Il regista Nalin Pan, nato e cresciuto in uno sperduto villaggio dell'India del nord, alterna gli immensi paesaggi e le montagne svettanti, ai volti in primo piano di pochi personaggi che sono tutt'uno con quegli ambienti, ne sono parte e al tempo stesso li rispecchiano. Quando, improvvisamente, in questa storia dal carattere atemporale, come un'antica leggenda, fa irruzione la contemporaneità, attraverso la fugace visione di una città, ci sentiamo presi per i capelli e tirati giù (c'è persino un'insegna, accanto a un locale, dove si legge "Internet"). Suona paradossale, eppure è anche questo che Tashi sta cercando. Non è possibile elevarsi al di sopra del mondo prima ancora di averlo conosciuto, di essersi mischiati alle persone, di essersi messi in gioco. Dopo aver fatto tutto questo, al momento di riprendere la propria ricerca, è allora che si sperimenta la sofferenza del distacco, una sofferenza che non va evitata, ma accettata e affrontata: come il ramo che, gettato nel fiume, giunge necessariamente al mare (è quanto insegna Pema, la moglie di Tashi a un gruppo di bambini), forse - sembra suggerire il film - l'unica Via per l'uomo è quella di seguire la propria natura umana, lasciarsi trasportare dalla corrente di sofferenze e desideri, utilizzandoli come veicoli, espedienti, e raggiungere così il fondo della propria natura, traendo la forza proprio dalla debolezza e riprendendo da lì il proprio cammino, muniti di maggior forza e consapevolezza. Non è snaturandosi che si ottiene la via: come recita la frase incisa su una pietra: "Come si può impedire a una goccia d'acqua di asciugarsi?". Per tutto il film Tashi resta senza risposta. Alla fine la trova, capovolgendo quella stessa pietra: "Gettandola nel mare". All'inizio del film Tashi era un guscio vuoto, una goccia d'acqua in procinto di evaporazione; alla fine è un uomo che si scopre vicino all'obiettivo che da sempre conseguiva, proprio nel momento in cui, disperato, crede di aver fallito.

Può anche essere che questo viaggio nella "vita normale" sia avvenuto solo nella mente di Tashi, come accade al Gesù di Scorsese e Kazantzakis (L'ultima tentazione di Cristo, 1988) che, prima di morire sulla croce, sperimenta tutto quello per cui ha rinunciato per amore di Dio.

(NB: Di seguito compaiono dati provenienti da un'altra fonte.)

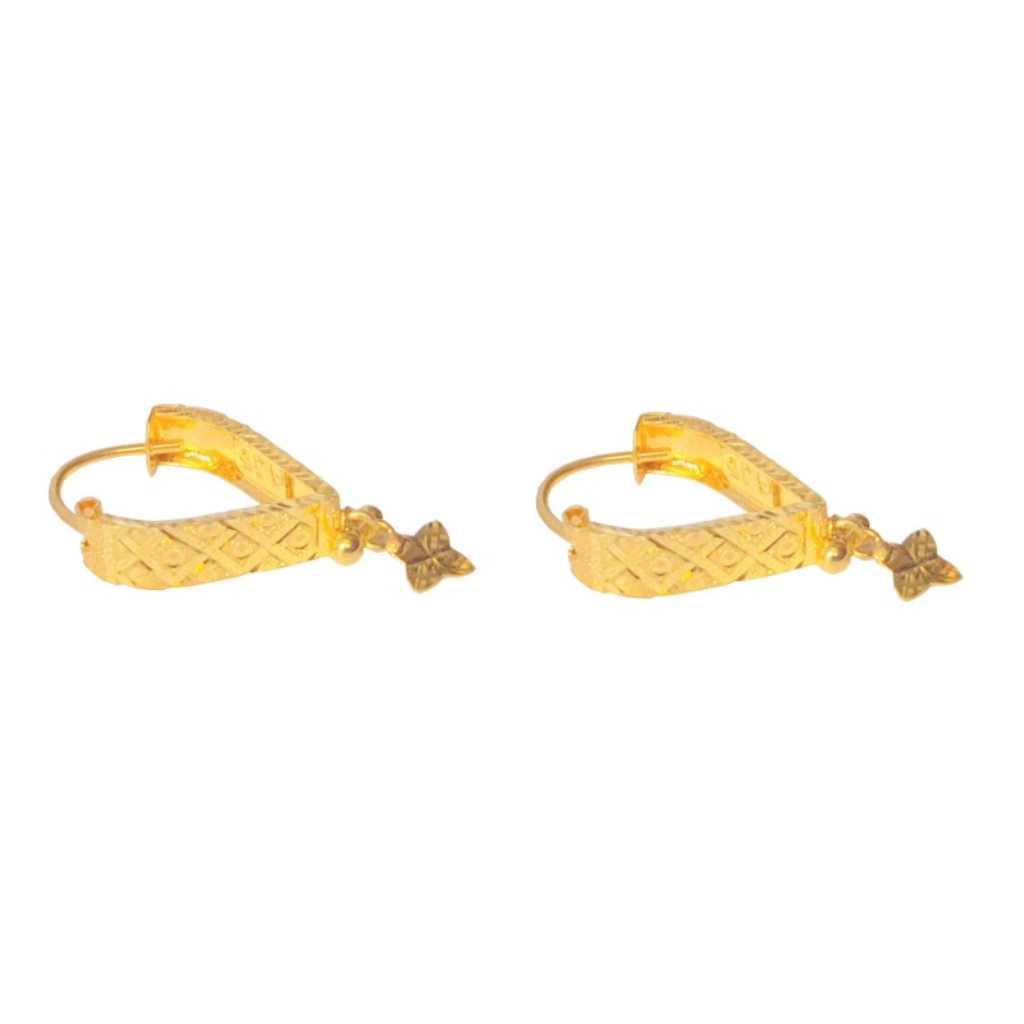 Solid 22K/18K/14K Fine Gold Certified Stamped Unique Carved Design Hoop Earring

Pema, infatti, dopo aver parlato un'ultima volta al marito, svanisce nel nulla, ma prima gli ricorda che, se Siddartha ha potuto ottenere l'illuminazione, ciò è stato anche grazie alla moglie Yashodhara, al fatto che lui l'ha abbandonata, che aveva qualcuno da abbandonare per cercare la Via.

Splendide le due immagini gemelle di Tashi, di spalle, immerso fino alla vita nel fiume: un fiume opaco, fangoso, quando ancora la mente è piena di dubbi e desideri inappagati, e poi limpido e trasparente, nel momento in cui la Via gli appare chiara. Un fiume che suggerisce l'eterno cammino dell'io, tra una vita, una morte, un'altra vita e così via (Samsara).